▶ **EXERCISE DIRECTIONS**:
Every entry below needs to be repeated exactly as written.

Stored dataset items:
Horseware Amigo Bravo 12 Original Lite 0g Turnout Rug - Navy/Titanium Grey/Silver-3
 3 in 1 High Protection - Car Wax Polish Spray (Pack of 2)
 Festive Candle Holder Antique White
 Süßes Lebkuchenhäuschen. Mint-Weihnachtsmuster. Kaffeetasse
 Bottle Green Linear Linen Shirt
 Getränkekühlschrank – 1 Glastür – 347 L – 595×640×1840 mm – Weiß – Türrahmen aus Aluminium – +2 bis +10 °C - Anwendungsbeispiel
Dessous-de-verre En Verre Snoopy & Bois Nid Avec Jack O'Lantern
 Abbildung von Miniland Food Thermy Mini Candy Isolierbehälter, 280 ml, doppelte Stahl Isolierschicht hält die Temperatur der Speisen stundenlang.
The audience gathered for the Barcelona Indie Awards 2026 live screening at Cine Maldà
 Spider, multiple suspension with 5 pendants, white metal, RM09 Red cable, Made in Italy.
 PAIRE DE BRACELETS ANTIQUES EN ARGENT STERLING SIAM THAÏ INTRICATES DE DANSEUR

▶ **EXERCISE RESULT**:
Horseware Amigo Bravo 12 Original Lite 0g Turnout Rug - Navy/Titanium Grey/Silver-3
 3 in 1 High Protection - Car Wax Polish Spray (Pack of 2)
 Festive Candle Holder Antique White
 Süßes Lebkuchenhäuschen. Mint-Weihnachtsmuster. Kaffeetasse
 Bottle Green Linear Linen Shirt
 Getränkekühlschrank – 1 Glastür – 347 L – 595×640×1840 mm – Weiß – Türrahmen aus Aluminium – +2 bis +10 °C - Anwendungsbeispiel
Dessous-de-verre En Verre Snoopy & Bois Nid Avec Jack O'Lantern
 Abbildung von Miniland Food Thermy Mini Candy Isolierbehälter, 280 ml, doppelte Stahl Isolierschicht hält die Temperatur der Speisen stundenlang.
The audience gathered for the Barcelona Indie Awards 2026 live screening at Cine Maldà
 Spider, multiple suspension with 5 pendants, white metal, RM09 Red cable, Made in Italy.
 PAIRE DE BRACELETS ANTIQUES EN ARGENT STERLING SIAM THAÏ INTRICATES DE DANSEUR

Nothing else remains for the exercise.